Tout dépend de leur age, appartenance sociale …
- En ce qui concerne les jeunes, leur achat est souvent le signe d’une appartenance à un
groupe. Ils portent telle ou telle marque parce qu’ils font parti de tel ou tel
communauté. La chaussure de sport est pour eux un moyen d’auto expression. Les cours
de récréation sont souvent le lieu où les marques de sport sont le mieux représentées, et
où l’on retrouve les dernières tendances.
- Pour les sportifs l’achat de chaussures de sport répond à un besoin. Leur achat n’est
en rien superflu : elle est leur instrument de travail, un outil.

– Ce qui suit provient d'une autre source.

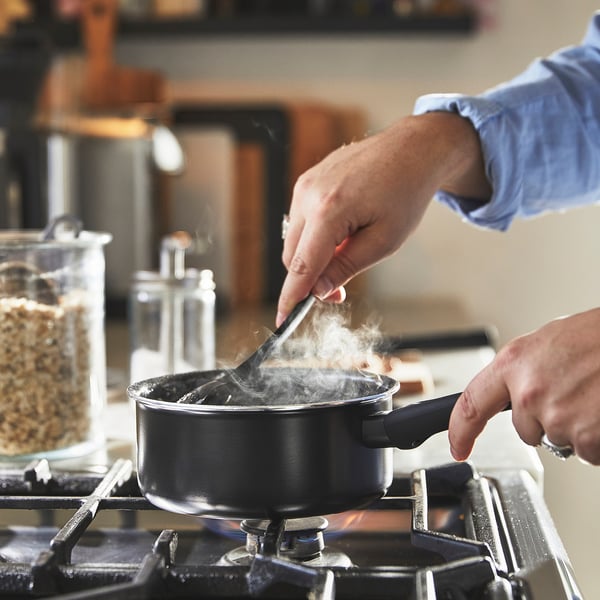 Person cooking with a HEMLAGAD saucepan on a stove. Steam rises as they stir the food with a spatula.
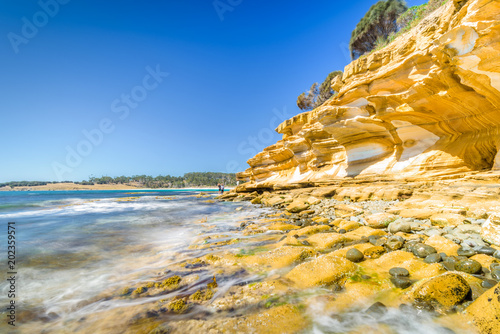 Amazing coast line called Painted Cliffs with orange yellow colored sand limestone rocks and geology structures at shore, perfect expedition on warm sunny clear day, Maria Island, Tasmania, Australia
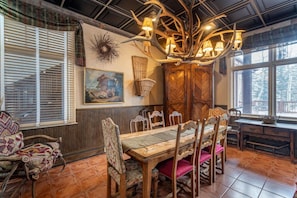 Un coin repas avec une table et des chaises en bois, un lustre et une fenêtre donnant sur un beau paysage.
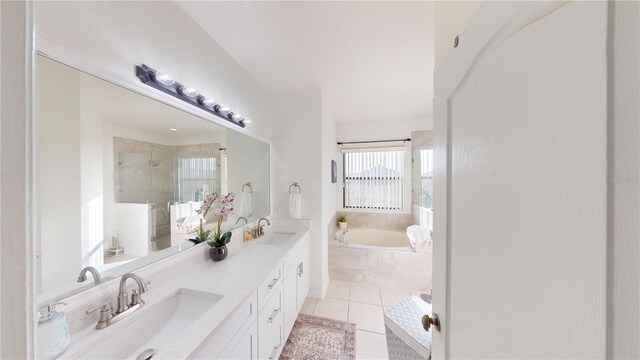 bathroom featuring tile patterned floors, vanity, and shower with separate bathtub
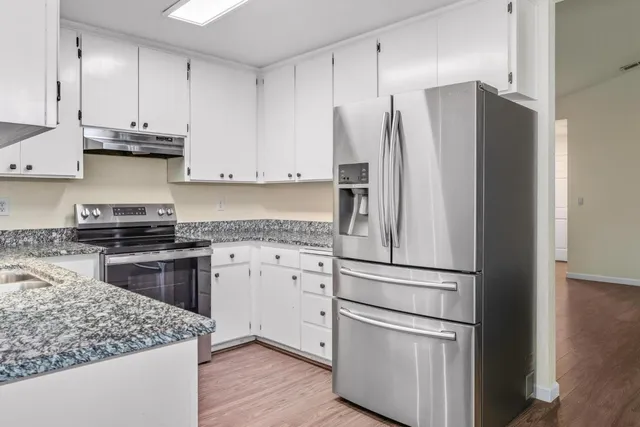 a kitchen with stainless steel appliances granite countertop a refrigerator and a stove top oven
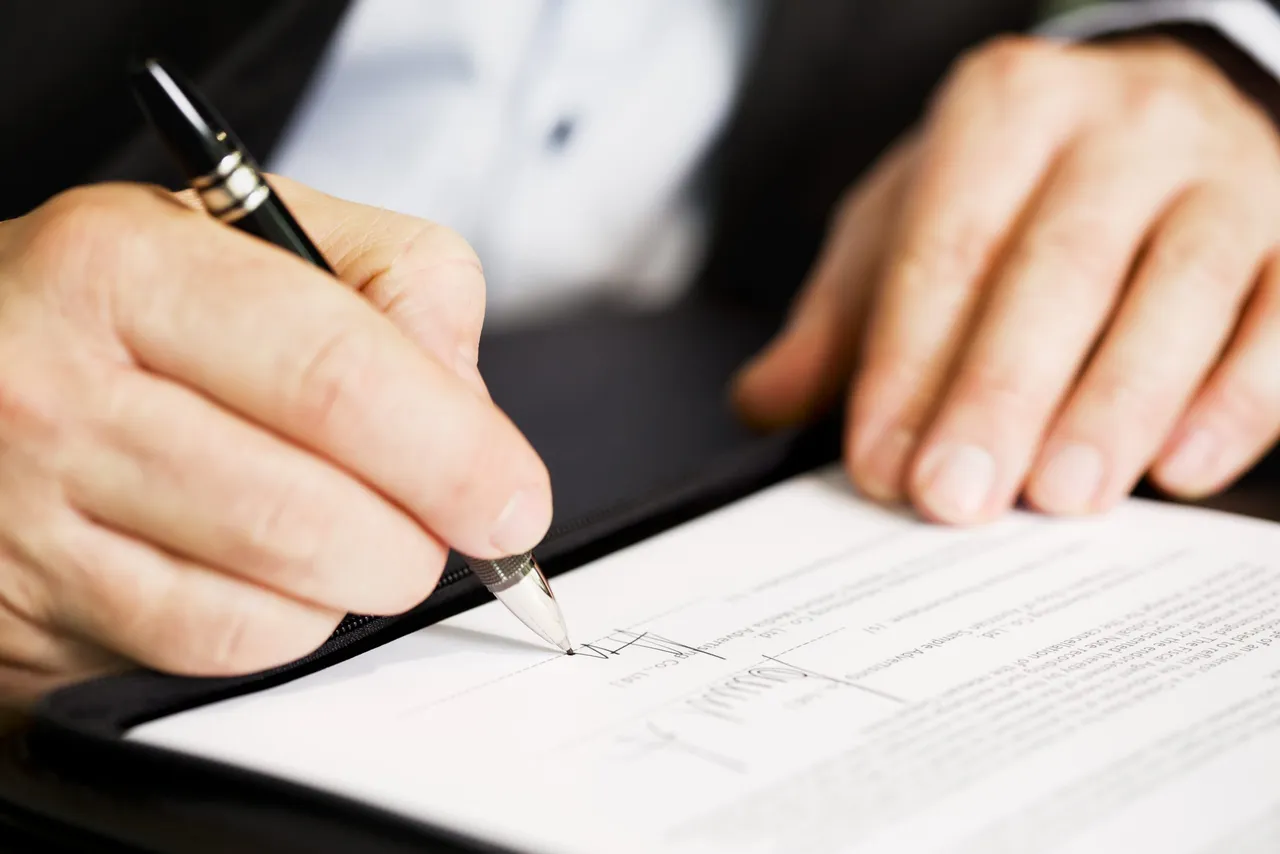 Close up of businessman signing a contract.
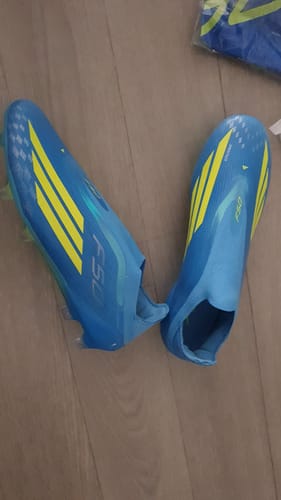 Customer's pair of blue and yellow Adidas F50 Laceless Elite FG football boots on a wooden floor.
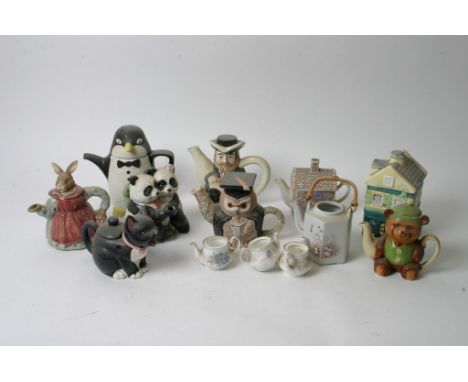 Three boxes of novelty teapots and various ceramic items.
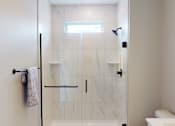 Thumbnail 12 of 15 - A white bathroom with a glass shower door and a towel rack.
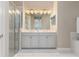 Bathroom with walk-in shower, double sinks, and marble counter at 5749 Sunflower Cir, Sarasota, FL 34238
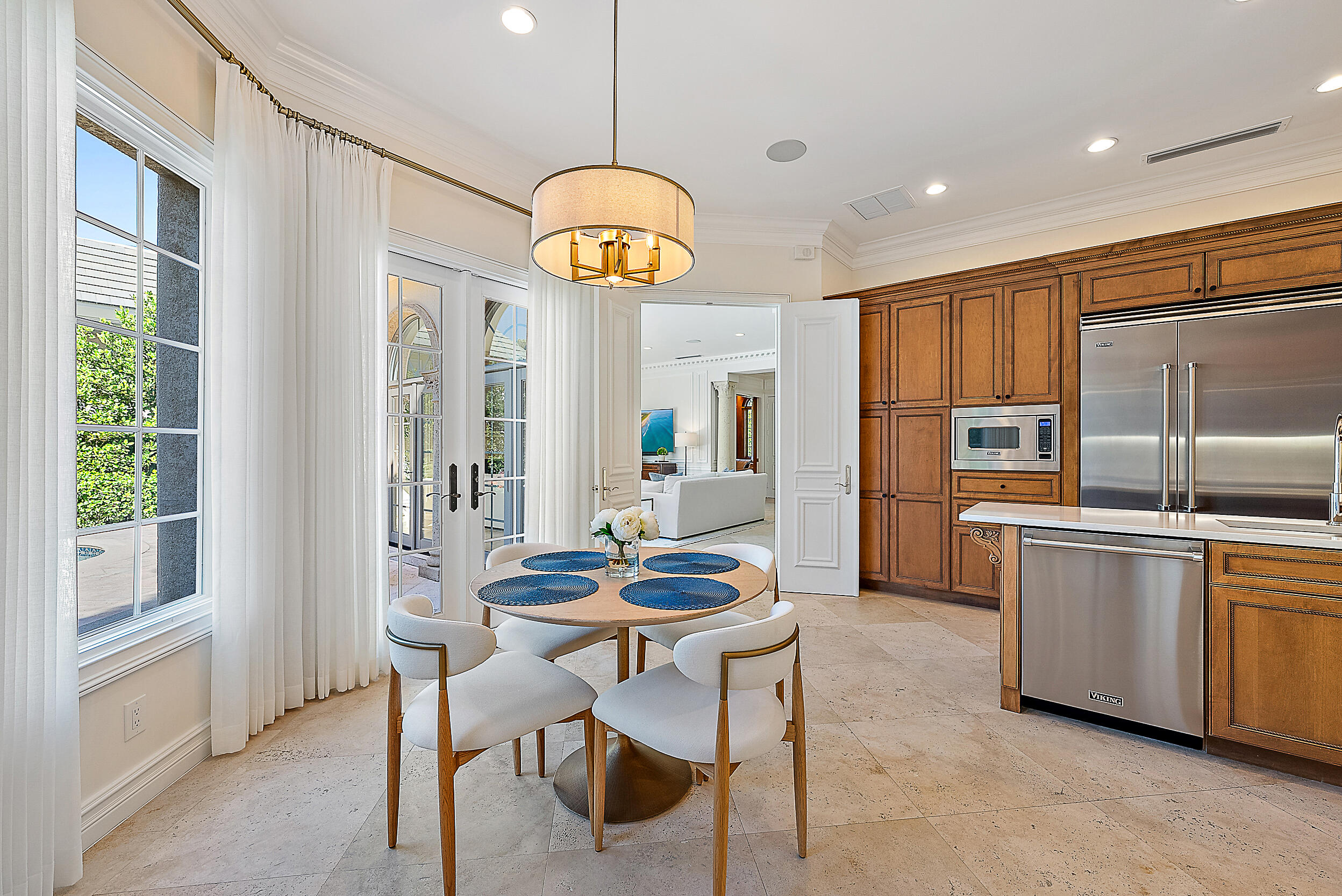 314 Chilean Avenue Palm Beach, FL 33480 - Photo 15 of 46 a kitchen with stainless steel appliances kitchen island granite countertop a table and chairs in it
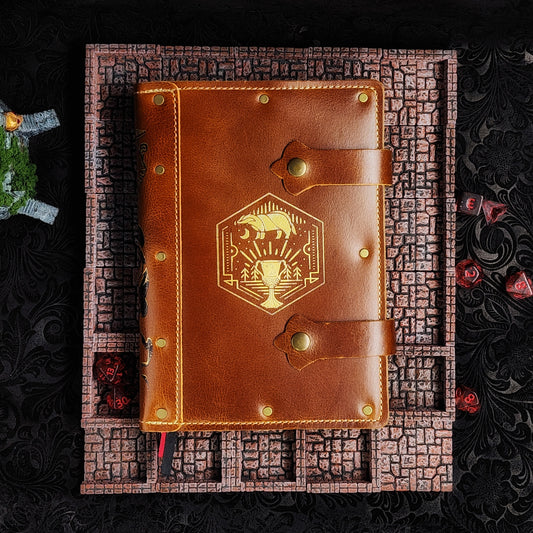 Handmade A5 leather adventure journal featuring a hand-gilded Hufflepuff badger crest, Marauder's Map footprints, and a wand duel spine design by Grimbeard Leather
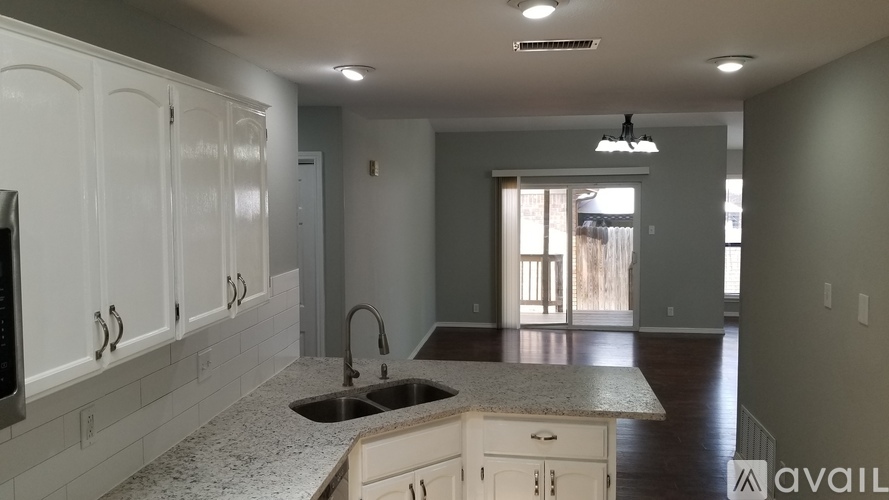 A kitchen with white cabinets and a granite countertop.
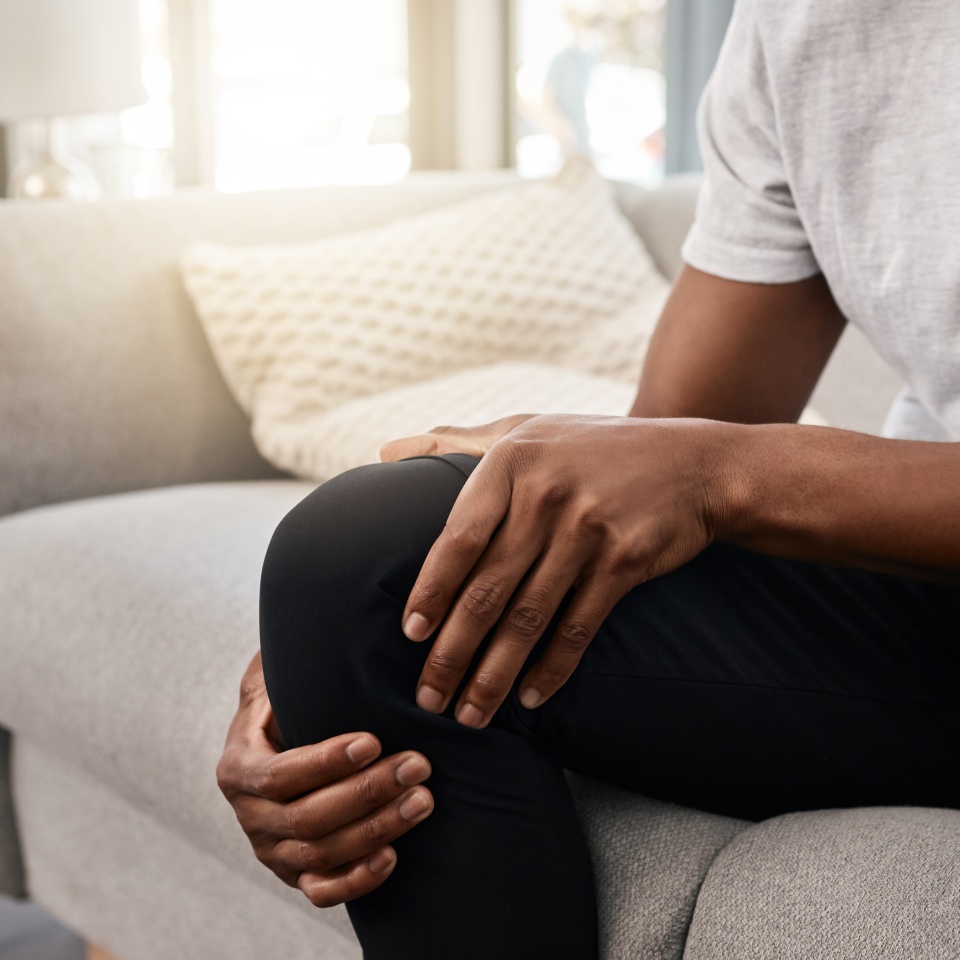 Knee pain, hand of a man and injury while sitting on home living room sofa for rest and relaxation. Ache, painful leg joint and african american man touching his knees for a strain muscle.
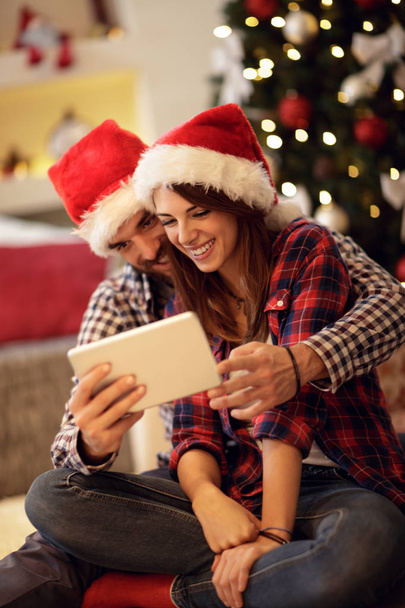 love couple Christmas pair looking on tablet - Φωτογραφία, εικόνα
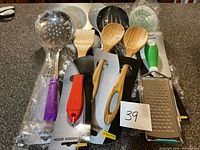 Overview of all nine new packaged kitchen utensils on countertop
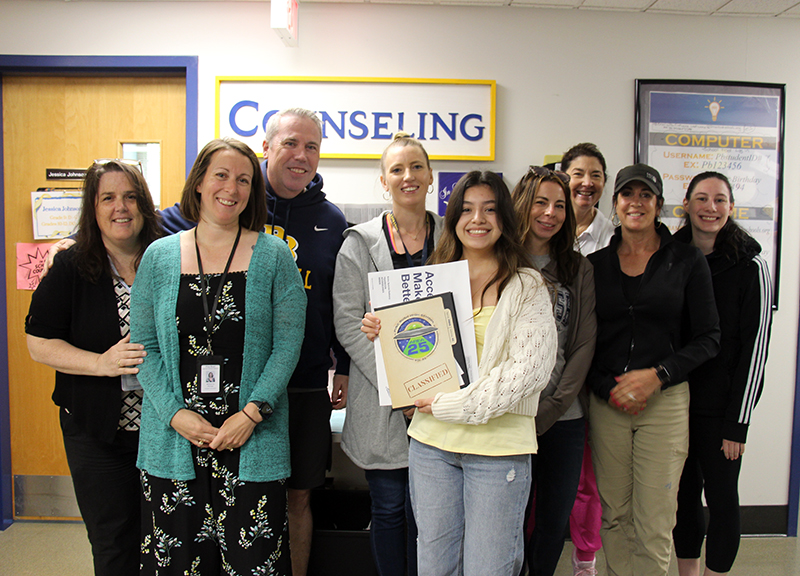 A group of eight adults stand behind a high school senior, a young woman holding a yearbook. She is wearing a white sweater. All are smiling.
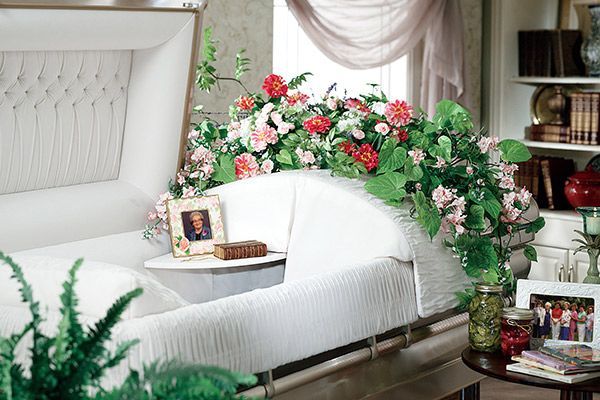 a white coffin in a living room with flowers on it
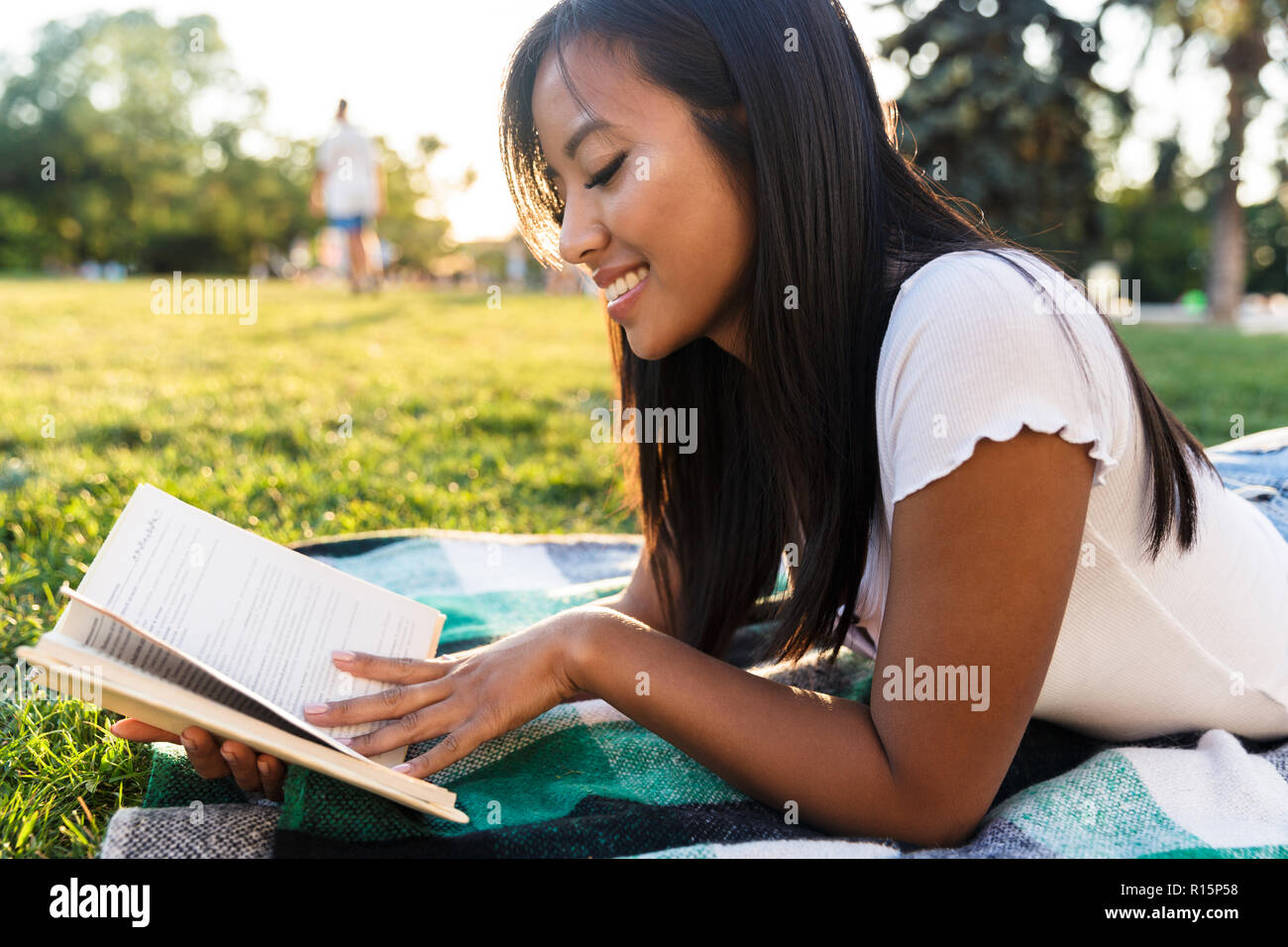 Image of happy smiling young asian girl outdoors in park reading book ...
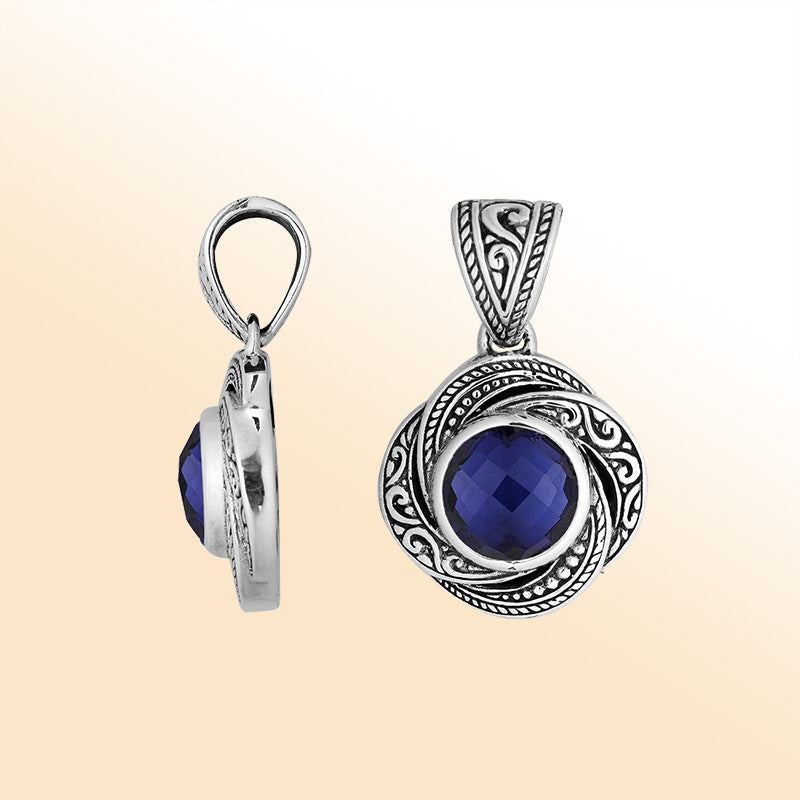 An elegant sterling silver pendant featuring a deep Sapphire Quartz set in swirling filigree, handcrafted with Balinese artistry to reflect timeless beauty and feminine grace.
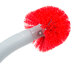 A red and white Unger Ergo toilet bowl brush with a red handle.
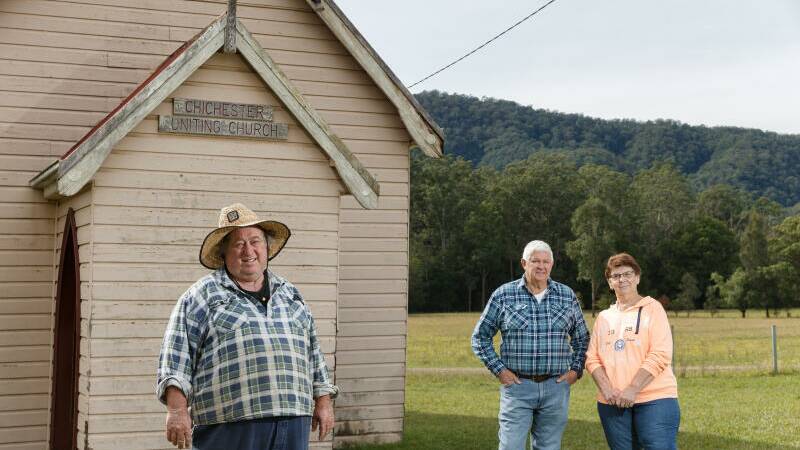 NOT HAPPY EITHER: John Lee and Dennis & Merle Turner, who would sell to Hunter Water but are united with their neighbours in saying the state government agency has them all in limbo while it decides what to do. Picture: Max Mason-Hubers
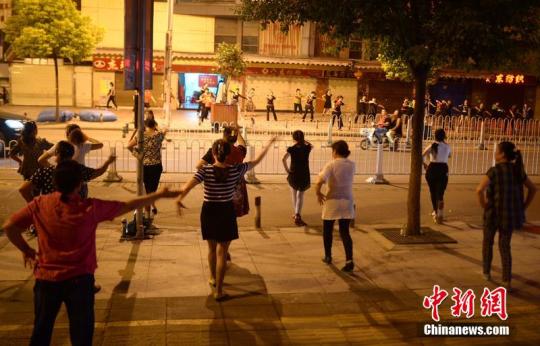 资料图：2015年10月，在湖北省武汉市汉正街小商品市场多福路上，数百名汉正街小商品市场的女老板们，在路边的空地上跳起了欢快的广场舞。图片来源：CFP视觉中国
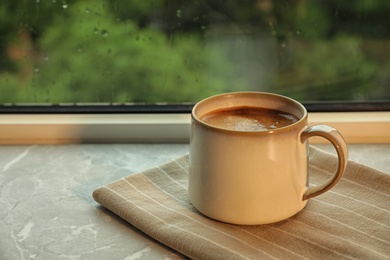 Photo of Cup of hot drink on window sill against glass with rain drops, space for text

- Enfin, les « fashion victims » eux on une vision du produit assez ressemblant à celui
des jeunes. Il faut noter que les accros de la mode sont souvent des jeunes. Ils veulent
toujours avoir la paire de chaussure de « sport » dernier cri, voir unique (certaines paires
sont vendues en nombres limitées). Leur achat est déterminé par une volonté de se
distinguer, ils veulent être remarqué.
En ce qui concerne le sexe, la distinction qui se faisait auparavant entre les femmes qui
voient les chaussures de sport comme un accessoire de mode et les hommes comme un
article de sport ne joue plus vraiment aujourd’hui. En effet, il existe autant de femmes
sportives que d’hommes victimes de la mode.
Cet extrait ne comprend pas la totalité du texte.